---- RECORDS TO PROCESS

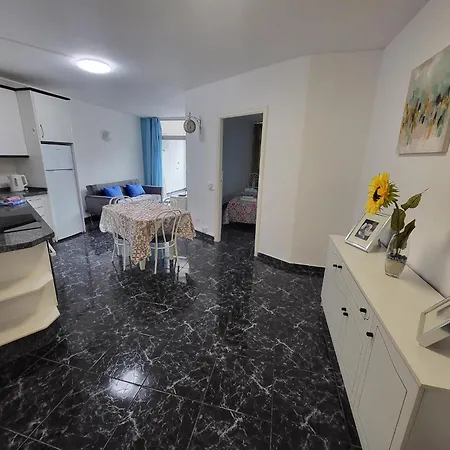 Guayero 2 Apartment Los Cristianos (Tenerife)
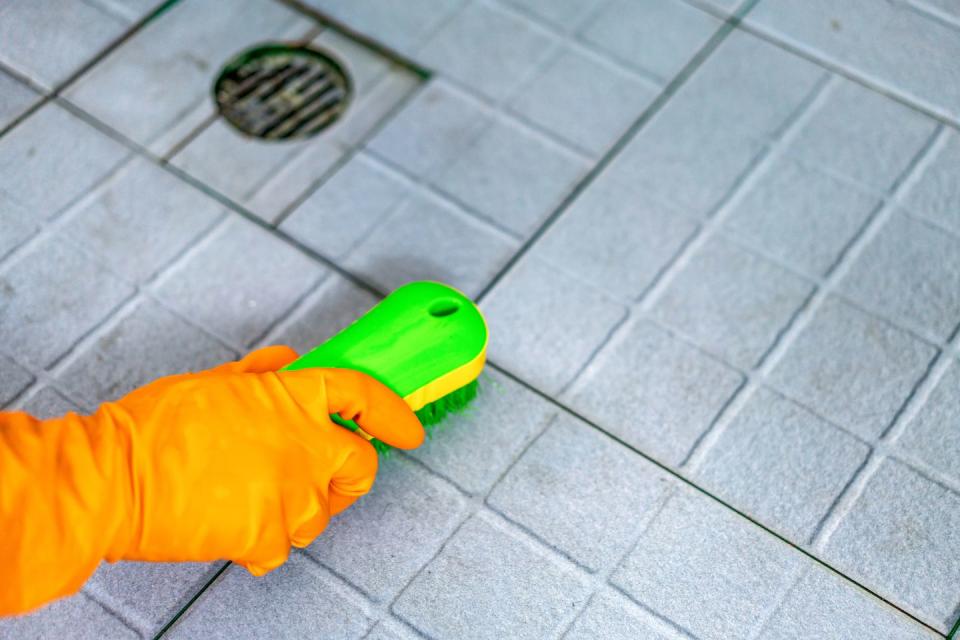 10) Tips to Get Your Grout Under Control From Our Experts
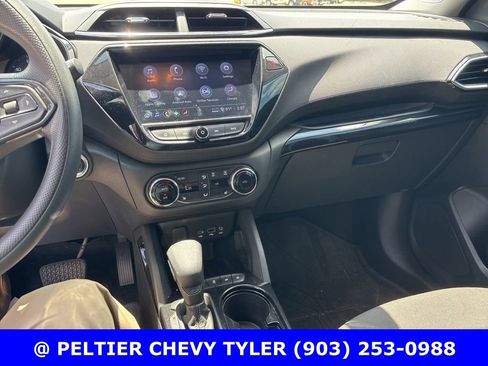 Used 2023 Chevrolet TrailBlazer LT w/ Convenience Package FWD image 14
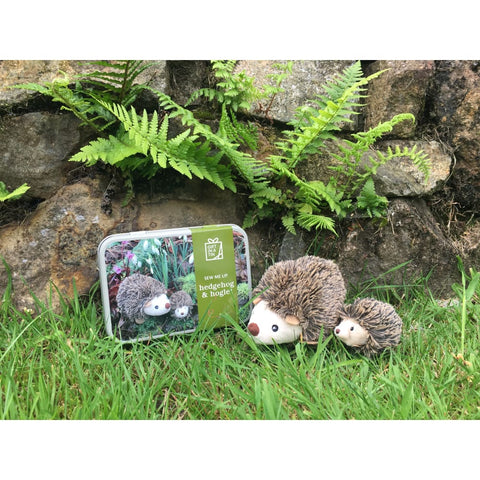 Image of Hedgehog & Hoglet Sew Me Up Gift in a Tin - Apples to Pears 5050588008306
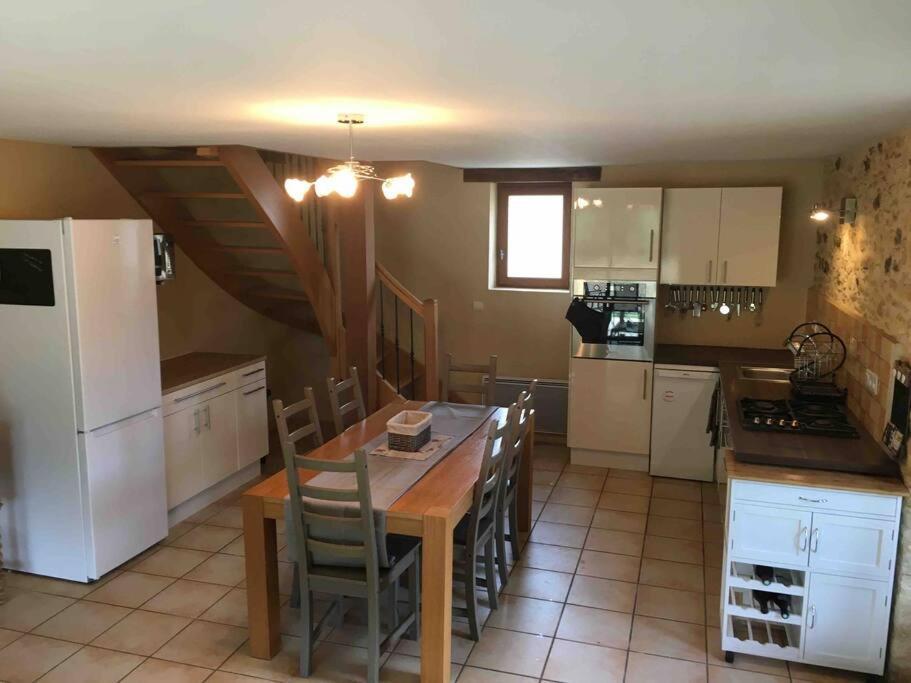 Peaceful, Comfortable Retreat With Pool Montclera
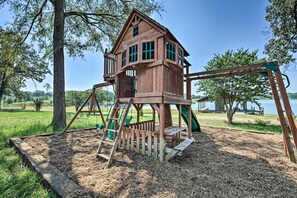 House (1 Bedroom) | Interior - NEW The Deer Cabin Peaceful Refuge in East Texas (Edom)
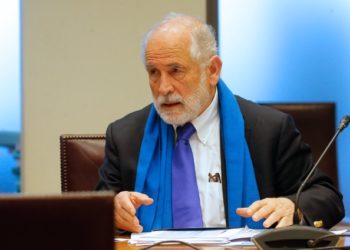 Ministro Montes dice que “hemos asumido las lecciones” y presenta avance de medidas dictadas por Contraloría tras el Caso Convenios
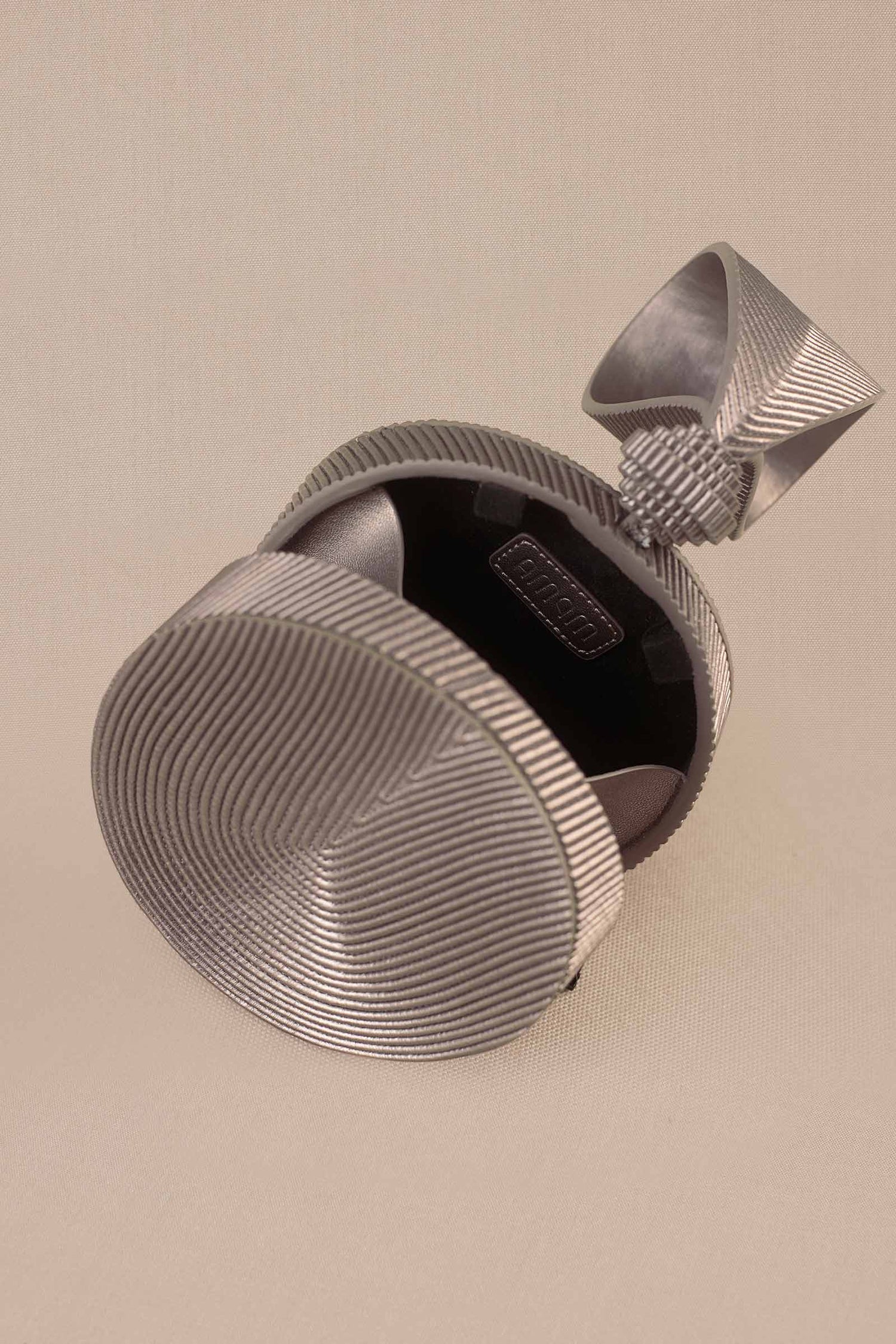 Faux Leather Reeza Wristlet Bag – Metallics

--------

▶ DESCRIPTION OF THE TASK
Restate the records above word for word, without the pictures.

▶ RESPONSE TO THIS EXERCISE
 Guayero 2 Apartment Los Cristianos (Tenerife)
 10) Tips to Get Your Grout Under Control From Our Experts
 Used 2023 Chevrolet TrailBlazer LT w/ Convenience Package FWD image 14
 Image of Hedgehog & Hoglet Sew Me Up Gift in a Tin - Apples to Pears 5050588008306
 Peaceful, Comfortable Retreat With Pool Montclera
 House (1 Bedroom) | Interior - NEW The Deer Cabin Peaceful Refuge in East Texas (Edom)
 Ministro Montes dice que “hemos asumido las lecciones” y presenta avance de medidas dictadas por Contraloría tras el Caso Convenios
 Faux Leather Reeza Wristlet Bag – Metallics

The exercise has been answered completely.